As shown in figure 1, the mixed biomass 2 is fed into the hopper storage 4 for use in the method. From the hopper 4, the biomass 2 is fed at a controlled speed and then transported on the conveyor 6 to the feed hopper 8. From the feed hopper 8 through the rotary valve at its outlet, the biomass 2 is discharged at a controlled speed into the vacuum turbo separator 12 (described in more detail below). At this stage of the method, the combustible material is separated from the heavier non-combustible material. In the same way, heavy non-combustible material separated from the mixed biomass is discharged into the receiving compartment 14 through the rotary valve 16. The forced air required for this method is provided by the fan 18.
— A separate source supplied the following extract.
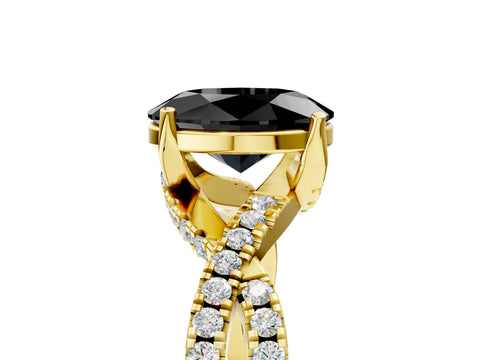Yellow gold Fancy Black Oval Cut Solitaire Twist Pave Diamond Engagement Ring with Prong Setting_5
The remaining mixed biomass 2 is then transferred by a stream of air from the vacuum turbo separator 12 to the transfer cyclone 20. The vortex created in it separates the dust from the mixed biomass 2 and displays it through outlet 22, from where it is transferred to the dust filter 24. The remaining mixed biomass is discharged through the outlet a rotary valve 26, through a discharge valve 28, where it can be selectively filed either in the receiving compartment 30, or in the inlet joint 32 of the transfer system with overpressure, while the pushing air is provided by the fan 34. The mixed biomass is either collected or transferred via an overpressure transfer system to an overpressure gravity separator 36 (discussed in more detail below). The overpressure gravity separator 36 is specially designed to separate larger pieces of plastic from combustible biomass material, which allows the remaining mixed biomass and the resulting high-quality biomass fuel product to be discharged through the rotary valve 38 into the receiving compartment 40. The secondary air required for this method is provided by a fan 42. Removing these heavy plastics reduces the content of chlorine and other harmful emissions and thereby provides a more environmentally friendly high-quality biomass fuel product.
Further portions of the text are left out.